Betrachtet man die Gesetze, das Wertpapierhandelsgesetz und das Börsengesetz, auf deren Grundlage die beteiligten Banken und die Deutsche Börse agieren, entdeckt man einen nicht zu entziffernden Salat aus deutschem und EU-Recht, der in beiden Fällen vor allem einer Vorgabe folgt, dem Schutz der Anleger. Die Ahndung eines organisierten Verbrechens wäre nur über den Umweg der Zuverlässigkeit möglich, die sich wiederum auf Personen bezieht, nicht auf Institutionen. Eine Bank oder eine Handelsinstitution wie die Börse zu schließen, weil diese Struktur kontinuierlich gegen Gesetze verstoßen hat, ist im deutschen Recht nach wie vor nicht vorgesehen.
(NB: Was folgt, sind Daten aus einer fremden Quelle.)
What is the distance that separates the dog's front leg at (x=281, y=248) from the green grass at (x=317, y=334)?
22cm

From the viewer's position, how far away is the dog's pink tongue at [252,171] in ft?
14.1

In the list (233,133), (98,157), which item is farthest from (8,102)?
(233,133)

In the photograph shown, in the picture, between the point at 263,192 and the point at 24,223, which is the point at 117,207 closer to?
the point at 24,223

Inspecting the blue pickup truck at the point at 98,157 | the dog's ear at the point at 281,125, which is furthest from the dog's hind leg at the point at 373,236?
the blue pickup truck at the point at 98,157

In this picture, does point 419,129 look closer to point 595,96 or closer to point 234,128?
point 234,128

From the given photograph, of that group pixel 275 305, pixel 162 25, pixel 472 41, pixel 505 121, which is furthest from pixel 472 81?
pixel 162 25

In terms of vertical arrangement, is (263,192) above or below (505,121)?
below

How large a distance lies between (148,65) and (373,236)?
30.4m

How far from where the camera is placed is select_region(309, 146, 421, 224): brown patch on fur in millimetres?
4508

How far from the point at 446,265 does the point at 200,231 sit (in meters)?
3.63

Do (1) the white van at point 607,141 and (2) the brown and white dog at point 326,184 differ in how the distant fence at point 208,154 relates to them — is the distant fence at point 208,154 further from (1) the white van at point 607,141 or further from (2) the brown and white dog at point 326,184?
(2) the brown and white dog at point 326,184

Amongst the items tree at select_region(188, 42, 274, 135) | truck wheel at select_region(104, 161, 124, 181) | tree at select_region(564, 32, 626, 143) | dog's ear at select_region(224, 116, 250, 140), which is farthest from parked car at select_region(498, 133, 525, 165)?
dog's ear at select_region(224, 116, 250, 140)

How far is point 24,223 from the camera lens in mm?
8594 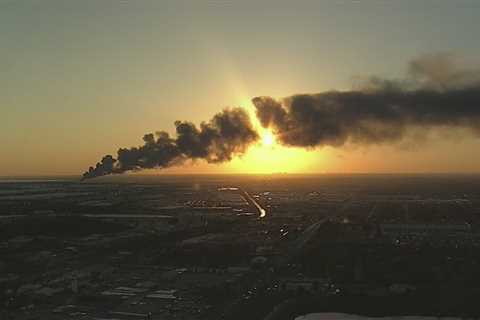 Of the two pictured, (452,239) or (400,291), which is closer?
(400,291)

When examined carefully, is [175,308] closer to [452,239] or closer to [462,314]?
[462,314]

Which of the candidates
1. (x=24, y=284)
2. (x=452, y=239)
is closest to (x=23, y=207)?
(x=24, y=284)

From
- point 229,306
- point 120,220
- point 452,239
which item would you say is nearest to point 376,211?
point 452,239

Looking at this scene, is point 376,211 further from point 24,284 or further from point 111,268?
point 24,284

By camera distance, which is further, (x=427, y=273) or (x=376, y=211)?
(x=376, y=211)

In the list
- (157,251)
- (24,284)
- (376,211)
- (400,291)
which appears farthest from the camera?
(376,211)

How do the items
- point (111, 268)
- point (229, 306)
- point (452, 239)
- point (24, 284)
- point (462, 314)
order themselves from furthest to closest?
point (452, 239) → point (111, 268) → point (24, 284) → point (229, 306) → point (462, 314)

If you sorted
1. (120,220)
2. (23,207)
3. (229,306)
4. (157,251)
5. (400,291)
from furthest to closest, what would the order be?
(23,207), (120,220), (157,251), (400,291), (229,306)

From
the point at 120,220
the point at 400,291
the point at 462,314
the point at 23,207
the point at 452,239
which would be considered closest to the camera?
the point at 462,314

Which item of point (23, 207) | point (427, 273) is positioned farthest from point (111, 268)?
point (23, 207) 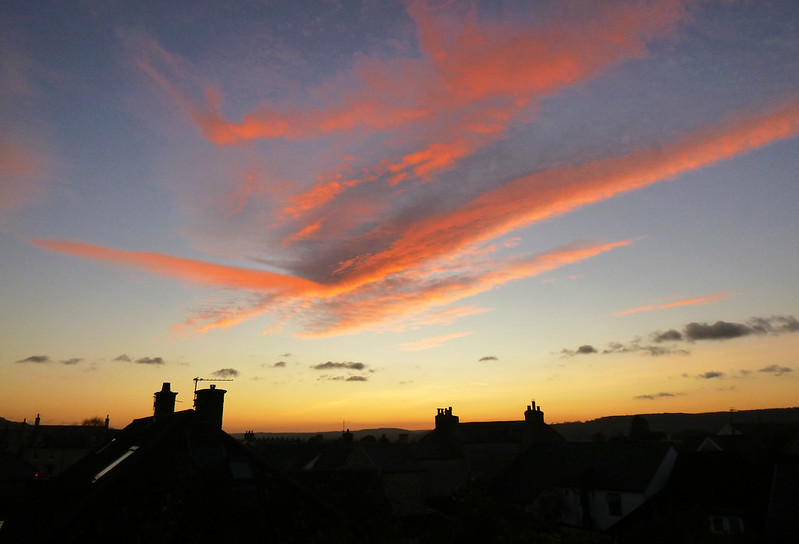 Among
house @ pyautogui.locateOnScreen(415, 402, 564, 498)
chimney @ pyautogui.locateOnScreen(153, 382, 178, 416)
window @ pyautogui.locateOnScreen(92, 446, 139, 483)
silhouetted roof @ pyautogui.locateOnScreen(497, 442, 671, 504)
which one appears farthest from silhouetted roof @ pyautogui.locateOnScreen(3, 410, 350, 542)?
house @ pyautogui.locateOnScreen(415, 402, 564, 498)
Anleger über den Tisch zu ziehen, ist streng verboten. Alle Steuerzahler? Nun ja ...

Im normalen Leben müsste ein Betrug in einer solchen Größenordnung, auch noch beworben von Banken und Großkanzleien, als Gründung einer kriminellen Organisation gewertet werden, bei dem schon die Mitgliedschaft eine Straftat darstellen würde, nicht erst die Durchführung des geplanten Verbrechens. Im Allerheiligsten des Kapitalverkehrs allerdings, dem Bankwesen – eine Rechtskonstruktion, die genau dem Zweck dient, ein Auflösen von Verantwortung unmöglich zu machen – ist so etwas undenkbar. Allein die Gerichtsverfahren, um die Strafbarkeit dieses Betrugs festzustellen, brauchten bis Frühjahr 2020.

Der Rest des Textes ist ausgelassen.